フラット35は非常に低金利です。投資用不動産のアパートローンなどに比べると非常に優遇された金利設定です。
しかも全期間適用となると非常に魅力的なローンに見えます。通常のサラリーマンの給与所得を考えれば問題なく返済することができる返済計画のはずです。
今回なぜ発覚したかというと一つは賃貸に出していたマンション(戸建も含む)の返済ができなくなったことが考えられます。
昨今の空室率など傾向を考えると、場所によっては満室経営ができない状況になり頻度が多くなったためと思われます。
もちろん手出し分をサラリーマンの給与で補完できればいいのですが、年収も少ない若者にローンを組ませていることもあり、返済対応ができない可能性が高いと想像されます。
おそらく新築ワンルームマンションが大半かと思われますが、価格が高く利回りも3%程度ということで物件自体の組み合わせも悪かったと考えられます。まさに起こるべくして発覚した事態なのでしょう。
賃貸している一般人も調査の対象になるか
今回の動きとしては、まずは「住宅金融支援機構」が解明に乗り出します。明らかに投資目的と思われるワンルームマンションは重点的に調査されるでしょう。
次に問題として出てくるのは、数年間は居住用に住んでいた人が転勤や家族構成の変更により、貸し出すことが余儀なくされている場合です。

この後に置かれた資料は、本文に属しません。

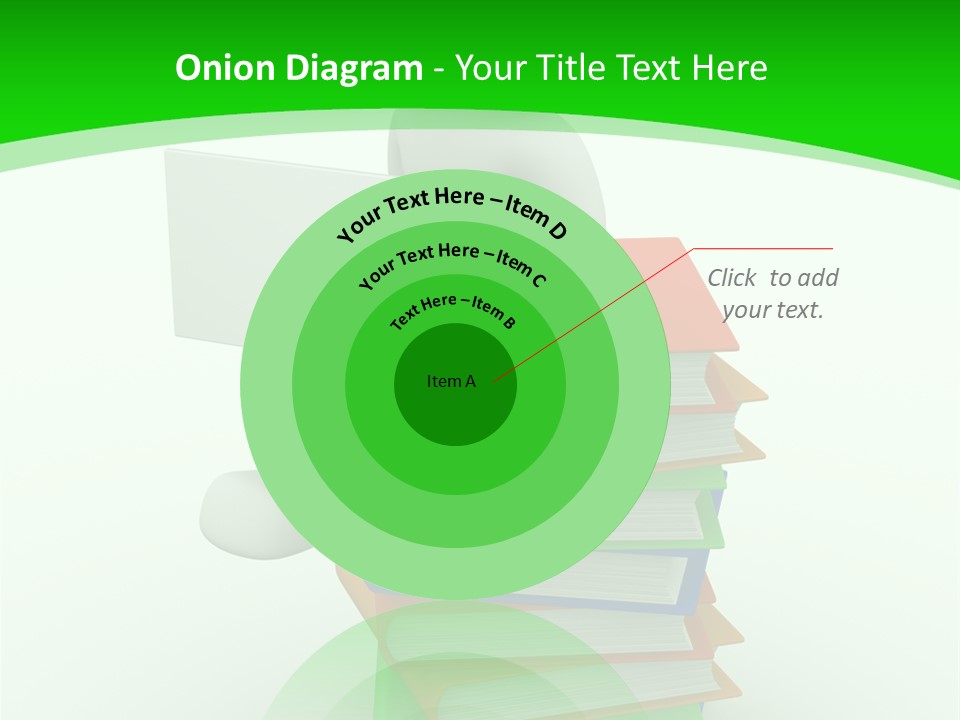 Student White Relax PowerPoint Template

購入時点で意図的かどうかは判断が難しいところです。転勤期間の間だけ届出をすれば問題ないようですが、全物件が対応しているか不明です。国交省が示す一括返済の対象になるのかは大きな争点にもなりそうです。
融資後に追跡調査が必須になりそうです。すでに本人が住んでなく、自宅として成り立っていないのであれば、投資向けのアパートローンと同じ金利になってもおかしくありません。
いずれにしても審査がずさんだったということになります。本来であれば銀行が行なっている住宅ローンだけでもよかったはずです。
多くの人が低金利で住宅が購入できるようフラット35が提供されているはずです。しかし悪用されてしまえば、本来の目的に達していません。
またしても不動産投資に関連する悪評が出てしまったことが残念で仕方がありません。